PKU-MARL / HARL

Official implementation of HARL algorithms based on PyTorch.
484 stars 59 forks source link

Visualisation script #27

Closed prinshul closed 9 months ago

prinshul commented 9 months ago

Hi

Is it possible for you to provide the visualization scripts for the plots of different algorithms with different environments reported in the paper. Anyone example on any env with some algos is also fine.
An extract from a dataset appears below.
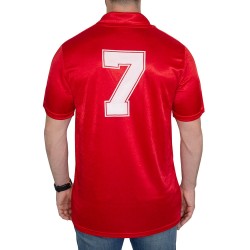 Camiseta Retro España 1982 Copa del Mundo #7 Hombre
I checked this too: https://github.com/instadeepai/marl-eval But not sure how to use this with your code.

Thanks.

guazimao commented 9 months ago

Hi. This is a script for reporting HASAC in the MAMuJoCo environment.

def moving_average(a, window_size):
    cumulative_sum = np.cumsum(np.insert(a, 0, 0)) 
    middle = (cumulative_sum[window_size:] - cumulative_sum[:-window_size]) / window_size
    r = np.arange(1, window_size-1, 2)
    begin = np.cumsum(a[:window_size-1])[::2] / r
    end = (np.cumsum(a[:-window_size:-1])[::2] / r)[::-1]
    return np.concatenate((begin, middle, end))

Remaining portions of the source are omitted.